Badan POM akan nanti kita akan beri kewenangan itu. Setelah adanya perluasan kewenangan, Badan POM tak hanya dapat menindak langsung, namun juga melakukan pencegahan.
Misalnya, pada apotek dan warung yang tak begitu paham perbedaan obat yang asli dan ilegal. Badan POM harus memberikan edukasi melalui sosialisasi.
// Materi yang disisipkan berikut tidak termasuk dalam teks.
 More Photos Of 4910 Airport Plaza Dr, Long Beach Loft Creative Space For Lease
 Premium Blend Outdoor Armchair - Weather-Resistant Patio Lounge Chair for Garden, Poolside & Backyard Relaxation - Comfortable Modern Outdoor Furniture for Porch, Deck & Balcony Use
Itu bentuk pencegahannya.
Bagaimana dengan Revisi Peraturan Menteri Kesehatan tentang Kefarmasian yang dikonsultasikan Badan POM ke DPR?
Revisi tersebut dilakukan untuk menambah kewenangan serta memperkuat Badan POM. Ada 3 Permenkes terkait Kefarmasian yang dikonsultasikan ke DPR untuk disempurnakan.
Ketiganya adalah Permenkes Nomor 30 Tahun 2014 tentang standar pelayanan kefarmasian di puskesmas, Permenkes Nomor 35 Tahun 2014 tentang standar pelayanan kefarmasian di apotek dan Permenkes Nomor 58 Tahun 2014 tentang standar pelayanan kefarmasian di Rumah Sakit.
Jadi, nanti peran Badan POM akan diperkuat dengan Permenkes tersebut. Sehingga pengadaan dan penyaluran obat berada dalam pengawasan Badan POM untuk mencegah adanya obat-obat yang dipalsukan. Nantinya, obat yang masuk dan keluar akan dicek Badan POM, jika ditemukan ada obat dari sumber tidak resmi maka akan dilakukan pencegahan.